Billy and Hennessy both froze.
“My wife?” Hennessy said.
“I want to invite Stevie over. We live right across the street. They could become great friends. Maybe even best friends.”
Hennessy noticed that Billy was growing fainter. It was as if he were retreating inside his clothes or as if—and this was probably just a trick of the fluorescent lighting above them—he were disappearing.
“Don’t ring up that saw,” Hennessy said to the cashier who was totaling Nora’s bill.
Nora took out her wallet and reached for a ten-dollar bill. Her nails were amazingly red. She turned to Hennessy and looked right at him. “So what do you think?” she asked.
Hennessy stepped back, surprised.
“About the boys.”
Nora took her package off the counter and handed Billy the mop. She scooted James aside so that Hennessy could be rung up.
“Well,” Hennessy said carefully. “I think boys will be boys.”
Nora thought this over. “I see what you mean,” she said tentatively.
“I mean, they have to make their own friendships. You’ve got to let it happen naturally.”
He swore that Billy was getting visibly more solid. The boy came to stand beside his mother, and although he didn’t look up, he was obviously listening to every word.
“Good point,” Nora said.
She waited for Hennessy, and as they walked out together Hennessy refused to look at Wineman and Romero. He held the door for Nora, and when they went out to the parking lot they discovered they had parked right next to each other.
“What a coincidence!” Nora said. She put James into the car, then went to open the trunk in the front of the Volkswagen.
“God, I hate this car,” Nora said.
Billy was still holding the mop; he looked even paler in broad daylight.
“You ever kill anyone?” Billy asked Hennessy.
Hennessy looked down at the boy; the top of his head was knotted with clumps of unruly hair.
“I’m not usually tracking down murderers,” Hennessy said.
“Yeah,” Billy said. He swung the mop back and forth. “So. Did you ever kill anyone?”
“In the war,” Hennessy said. “In France.”
“Stevie says you kill someone nearly every day,” Billy said.
“That’s not exactly true,” Hennessy said. He could see Nora’s right arm as she reached up to shut the trunk.
“Oh, yeah?” Billy said.
“Yeah,” Hennessy told him. “As a matter of fact, it’s a lie.”
Nora came back to them then. She was smiling and she held out her arms. For a moment Hennessy felt confused and weak in the knees. He took a step forward, and when he did Nora tilted her head.
“The saw,” she said.
Hennessy stopped where he was.
“You said I could borrow it, and I need it today. If that’s all right.”
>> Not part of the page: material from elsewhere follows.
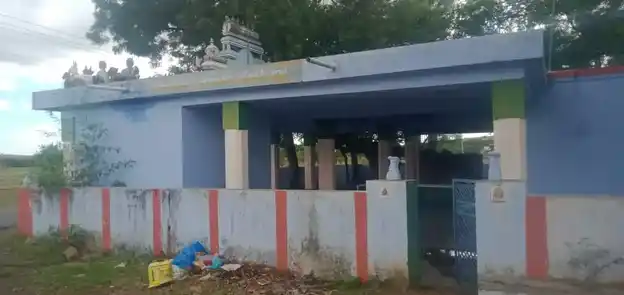 Arulmigu Karunkattu Iyyanar Sastha Temple, Muthoor - 627011 அருள்மிகு கருங்காட்டு அய்யனார் திருக்கோயில், Muthoor - 627011, Tirunelveli - Ancient Temple Architecture and History Image 5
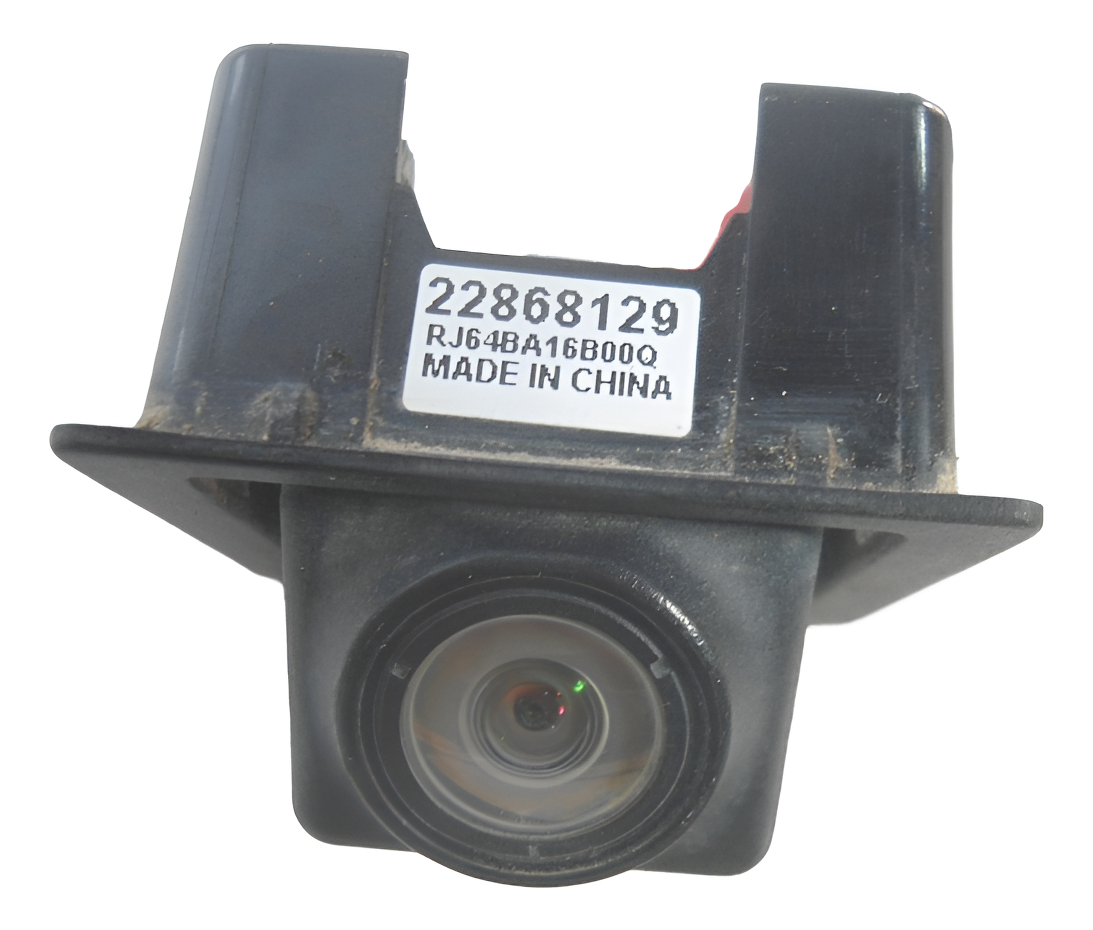 Camara De Reversa De Trax,equinox 13-16 Usada Original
“Oh,” Hennessy said. “Sure.”
After Billy had gotten into the backseat, Hennessy helped Nora fit the saw into the passenger seat.
“Don’t you kids touch this,” Nora said. “Thanks a million,” she told Hennessy when she got behind the wheel. “I need more shelf space.”
Hennessy stood beside his car and watched her drive away, enormously pleased that Jim Wineman and Sam Romero would be thinking he was on his way home to make the shelves that would just have to wait until Nora returned the saw.
All the next day Hennessy couldn’t get Nora out of his mind. He spent the afternoon with Ellen and the kids at her sister’s, and he gave the kids their Sunday baths. But he kept thinking about Nora. That night, after the moon rose, Hennessy began to dream about her. The children and Ellen were all asleep in their beds and the curtains were drawn. Hennessy was under a white sheet and a light wool blanket; he wore striped pajamas and his feet were cold and white. When he found her in his dreams he pulled her down beside him, into his single bed. Ellen never heard them, she didn’t even turn in her sleep. How could she not smell the perfume Nora was wearing? How could she not hear the bedsprings creak?
He unhooked whatever Nora was wearing; he didn’t care that his wife was asleep in the same room. He put his hands on Nora’s breasts while Ellen pulled her blanket up, while his children slept, while the wood waiting to be cut into shelves lay on the basement floor. She was so hot his fingers burned when he touched her. He could hear the alarm clock ticking on the night table and the sound of the boiler in the basement below them. He slid one of his hands along her belly, then down between her legs. When she started to moan, he put his other hand over her mouth so Ellen wouldn’t wake. But how could she not hear them? How could she not see the shape of Hennessy’s mouth on Nora’s skin? No, he couldn’t care about that, he couldn’t even think about it. He shifted and moved inside her, and stopped thinking altogether, and when he woke up he was crying.
He went into the bathroom and washed his face, but after that he was afraid to go back to sleep. He got dressed and made himself a cup of instant coffee. He couldn’t drink it, so he went to check on his children, and then he returned to the bedroom, took his gun from the night table, and went out to his car.
The sky was still dark when he parked outside Louie’s Candy Store. The morning newspapers were being delivered.
“Geez,” Louie said when Hennessy came in, carrying a bundle of newspapers. “You’re the early bird.”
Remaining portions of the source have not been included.